## Input material
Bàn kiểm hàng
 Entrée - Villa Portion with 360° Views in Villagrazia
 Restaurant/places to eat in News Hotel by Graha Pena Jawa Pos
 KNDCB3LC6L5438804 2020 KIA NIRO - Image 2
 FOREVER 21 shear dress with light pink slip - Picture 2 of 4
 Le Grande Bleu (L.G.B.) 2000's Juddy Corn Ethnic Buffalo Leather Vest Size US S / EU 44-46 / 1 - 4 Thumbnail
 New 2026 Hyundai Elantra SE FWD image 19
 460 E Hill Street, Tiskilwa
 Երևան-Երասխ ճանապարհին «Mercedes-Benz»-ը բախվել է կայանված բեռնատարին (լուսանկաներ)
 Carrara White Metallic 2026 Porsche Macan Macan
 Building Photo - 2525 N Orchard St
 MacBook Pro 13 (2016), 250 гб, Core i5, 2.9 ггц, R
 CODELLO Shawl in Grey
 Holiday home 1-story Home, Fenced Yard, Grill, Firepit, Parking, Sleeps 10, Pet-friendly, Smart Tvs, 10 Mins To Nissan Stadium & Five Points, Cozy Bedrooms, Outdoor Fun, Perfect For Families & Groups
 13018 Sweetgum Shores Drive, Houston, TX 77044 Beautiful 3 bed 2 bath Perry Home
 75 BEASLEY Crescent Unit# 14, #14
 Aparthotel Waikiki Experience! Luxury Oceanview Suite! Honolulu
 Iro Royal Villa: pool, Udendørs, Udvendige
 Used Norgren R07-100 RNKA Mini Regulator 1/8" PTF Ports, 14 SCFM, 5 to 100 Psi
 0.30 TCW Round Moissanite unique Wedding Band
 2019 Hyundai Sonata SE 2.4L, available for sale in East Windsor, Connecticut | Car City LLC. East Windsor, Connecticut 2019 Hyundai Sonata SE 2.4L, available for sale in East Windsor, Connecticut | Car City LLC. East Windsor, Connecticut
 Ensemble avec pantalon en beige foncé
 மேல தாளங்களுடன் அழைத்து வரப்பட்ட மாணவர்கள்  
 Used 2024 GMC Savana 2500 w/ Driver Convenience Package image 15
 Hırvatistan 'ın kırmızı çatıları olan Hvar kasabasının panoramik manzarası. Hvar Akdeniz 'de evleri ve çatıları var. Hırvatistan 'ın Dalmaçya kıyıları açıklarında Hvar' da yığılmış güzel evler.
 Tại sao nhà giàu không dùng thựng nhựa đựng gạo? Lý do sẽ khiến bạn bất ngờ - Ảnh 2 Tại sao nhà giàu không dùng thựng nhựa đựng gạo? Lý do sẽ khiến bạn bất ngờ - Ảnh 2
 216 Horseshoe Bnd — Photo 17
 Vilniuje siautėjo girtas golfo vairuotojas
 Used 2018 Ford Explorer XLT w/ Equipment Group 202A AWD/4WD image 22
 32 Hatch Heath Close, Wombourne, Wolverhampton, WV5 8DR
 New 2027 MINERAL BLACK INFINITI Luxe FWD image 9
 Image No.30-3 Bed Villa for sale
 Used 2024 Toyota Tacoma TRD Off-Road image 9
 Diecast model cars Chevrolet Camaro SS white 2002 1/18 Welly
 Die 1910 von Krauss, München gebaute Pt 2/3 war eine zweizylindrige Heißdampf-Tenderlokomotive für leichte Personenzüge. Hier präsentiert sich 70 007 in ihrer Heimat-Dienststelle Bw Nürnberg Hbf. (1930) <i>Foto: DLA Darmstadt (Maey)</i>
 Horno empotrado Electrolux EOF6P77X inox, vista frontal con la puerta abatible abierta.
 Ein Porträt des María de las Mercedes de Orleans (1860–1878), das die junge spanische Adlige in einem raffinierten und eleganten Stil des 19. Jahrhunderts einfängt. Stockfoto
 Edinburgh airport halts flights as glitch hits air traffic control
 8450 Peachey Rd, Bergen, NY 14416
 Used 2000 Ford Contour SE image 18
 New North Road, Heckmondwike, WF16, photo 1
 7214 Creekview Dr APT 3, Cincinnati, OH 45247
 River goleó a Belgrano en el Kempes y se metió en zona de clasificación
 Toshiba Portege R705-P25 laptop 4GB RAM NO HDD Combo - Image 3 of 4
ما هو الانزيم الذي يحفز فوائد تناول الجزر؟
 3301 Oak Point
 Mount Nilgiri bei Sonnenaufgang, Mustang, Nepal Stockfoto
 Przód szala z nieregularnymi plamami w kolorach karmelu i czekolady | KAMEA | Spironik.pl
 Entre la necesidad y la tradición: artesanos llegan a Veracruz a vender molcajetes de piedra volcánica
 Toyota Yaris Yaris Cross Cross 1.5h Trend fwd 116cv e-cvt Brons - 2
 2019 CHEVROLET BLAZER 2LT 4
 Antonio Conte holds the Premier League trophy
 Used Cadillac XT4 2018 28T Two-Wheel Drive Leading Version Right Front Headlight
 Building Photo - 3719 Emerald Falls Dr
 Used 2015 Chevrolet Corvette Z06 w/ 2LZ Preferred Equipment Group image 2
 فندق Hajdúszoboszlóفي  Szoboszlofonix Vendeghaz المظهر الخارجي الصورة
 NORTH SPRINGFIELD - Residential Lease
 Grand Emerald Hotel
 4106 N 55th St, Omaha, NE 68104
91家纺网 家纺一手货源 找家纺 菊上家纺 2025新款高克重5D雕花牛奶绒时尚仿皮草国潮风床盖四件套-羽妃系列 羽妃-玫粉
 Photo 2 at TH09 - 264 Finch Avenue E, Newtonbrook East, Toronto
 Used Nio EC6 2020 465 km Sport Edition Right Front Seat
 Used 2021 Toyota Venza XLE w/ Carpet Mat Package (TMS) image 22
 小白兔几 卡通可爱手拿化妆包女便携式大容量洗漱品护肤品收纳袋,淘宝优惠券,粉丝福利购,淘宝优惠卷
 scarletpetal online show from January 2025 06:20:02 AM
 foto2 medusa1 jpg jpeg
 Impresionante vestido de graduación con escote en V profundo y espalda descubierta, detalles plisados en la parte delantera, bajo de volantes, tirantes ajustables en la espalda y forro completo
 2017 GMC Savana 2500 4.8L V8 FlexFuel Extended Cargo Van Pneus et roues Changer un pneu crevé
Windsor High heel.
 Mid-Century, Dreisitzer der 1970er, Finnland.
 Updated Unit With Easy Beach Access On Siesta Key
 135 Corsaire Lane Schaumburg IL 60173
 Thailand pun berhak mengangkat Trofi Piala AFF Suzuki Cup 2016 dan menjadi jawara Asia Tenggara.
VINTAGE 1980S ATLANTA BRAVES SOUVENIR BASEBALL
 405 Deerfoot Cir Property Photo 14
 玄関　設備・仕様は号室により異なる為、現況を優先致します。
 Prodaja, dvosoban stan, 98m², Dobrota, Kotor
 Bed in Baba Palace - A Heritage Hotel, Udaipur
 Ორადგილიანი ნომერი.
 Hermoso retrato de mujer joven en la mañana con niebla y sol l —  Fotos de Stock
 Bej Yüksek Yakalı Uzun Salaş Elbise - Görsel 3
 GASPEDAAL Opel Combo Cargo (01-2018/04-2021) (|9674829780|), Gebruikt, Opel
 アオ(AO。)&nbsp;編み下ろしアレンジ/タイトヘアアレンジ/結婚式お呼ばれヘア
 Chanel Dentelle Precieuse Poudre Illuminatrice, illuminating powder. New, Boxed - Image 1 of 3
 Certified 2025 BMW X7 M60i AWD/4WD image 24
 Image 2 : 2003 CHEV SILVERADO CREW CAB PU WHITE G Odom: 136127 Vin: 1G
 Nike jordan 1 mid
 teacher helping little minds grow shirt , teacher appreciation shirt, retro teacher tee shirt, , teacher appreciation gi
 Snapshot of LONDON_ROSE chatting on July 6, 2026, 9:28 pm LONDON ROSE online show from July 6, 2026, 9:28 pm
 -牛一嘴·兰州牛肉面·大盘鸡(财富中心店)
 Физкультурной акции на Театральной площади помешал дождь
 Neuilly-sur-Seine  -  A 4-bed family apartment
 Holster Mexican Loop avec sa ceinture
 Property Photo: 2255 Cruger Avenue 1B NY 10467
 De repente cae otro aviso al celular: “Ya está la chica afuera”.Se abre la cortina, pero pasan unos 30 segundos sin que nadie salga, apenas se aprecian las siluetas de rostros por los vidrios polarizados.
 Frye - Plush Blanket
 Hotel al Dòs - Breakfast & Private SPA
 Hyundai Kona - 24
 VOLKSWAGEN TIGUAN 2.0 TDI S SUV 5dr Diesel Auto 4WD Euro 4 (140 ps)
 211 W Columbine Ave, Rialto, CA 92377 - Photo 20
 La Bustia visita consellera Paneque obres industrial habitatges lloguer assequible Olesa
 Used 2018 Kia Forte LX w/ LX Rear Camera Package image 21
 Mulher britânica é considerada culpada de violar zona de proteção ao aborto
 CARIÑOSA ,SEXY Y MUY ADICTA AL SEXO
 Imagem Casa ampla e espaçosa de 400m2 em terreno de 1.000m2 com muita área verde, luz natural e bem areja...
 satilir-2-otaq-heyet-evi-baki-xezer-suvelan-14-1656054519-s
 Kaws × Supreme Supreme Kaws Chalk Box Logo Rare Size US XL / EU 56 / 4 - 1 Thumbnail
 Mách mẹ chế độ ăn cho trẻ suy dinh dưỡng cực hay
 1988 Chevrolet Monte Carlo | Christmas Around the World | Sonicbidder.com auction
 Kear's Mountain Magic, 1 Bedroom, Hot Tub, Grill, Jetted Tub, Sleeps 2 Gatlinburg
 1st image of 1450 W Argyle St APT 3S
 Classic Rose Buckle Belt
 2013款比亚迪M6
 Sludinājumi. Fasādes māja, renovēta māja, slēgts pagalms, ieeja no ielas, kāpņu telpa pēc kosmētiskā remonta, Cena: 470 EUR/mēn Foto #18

## Work instruction
Please transcribe, exactly and with nothing added, the lines from the first line of the material above through the line that contains "0.30 TCW Round".

## Result below
Bàn kiểm hàng
 Entrée - Villa Portion with 360° Views in Villagrazia
 Restaurant/places to eat in News Hotel by Graha Pena Jawa Pos
 KNDCB3LC6L5438804 2020 KIA NIRO - Image 2
 FOREVER 21 shear dress with light pink slip - Picture 2 of 4
 Le Grande Bleu (L.G.B.) 2000's Juddy Corn Ethnic Buffalo Leather Vest Size US S / EU 44-46 / 1 - 4 Thumbnail
 New 2026 Hyundai Elantra SE FWD image 19
 460 E Hill Street, Tiskilwa
 Երևան-Երասխ ճանապարհին «Mercedes-Benz»-ը բախվել է կայանված բեռնատարին (լուսանկաներ)
 Carrara White Metallic 2026 Porsche Macan Macan
 Building Photo - 2525 N Orchard St
 MacBook Pro 13 (2016), 250 гб, Core i5, 2.9 ггц, R
 CODELLO Shawl in Grey
 Holiday home 1-story Home, Fenced Yard, Grill, Firepit, Parking, Sleeps 10, Pet-friendly, Smart Tvs, 10 Mins To Nissan Stadium & Five Points, Cozy Bedrooms, Outdoor Fun, Perfect For Families & Groups
 13018 Sweetgum Shores Drive, Houston, TX 77044 Beautiful 3 bed 2 bath Perry Home
 75 BEASLEY Crescent Unit# 14, #14
 Aparthotel Waikiki Experience! Luxury Oceanview Suite! Honolulu
 Iro Royal Villa: pool, Udendørs, Udvendige
 Used Norgren R07-100 RNKA Mini Regulator 1/8" PTF Ports, 14 SCFM, 5 to 100 Psi
 0.30 TCW Round Moissanite unique Wedding Band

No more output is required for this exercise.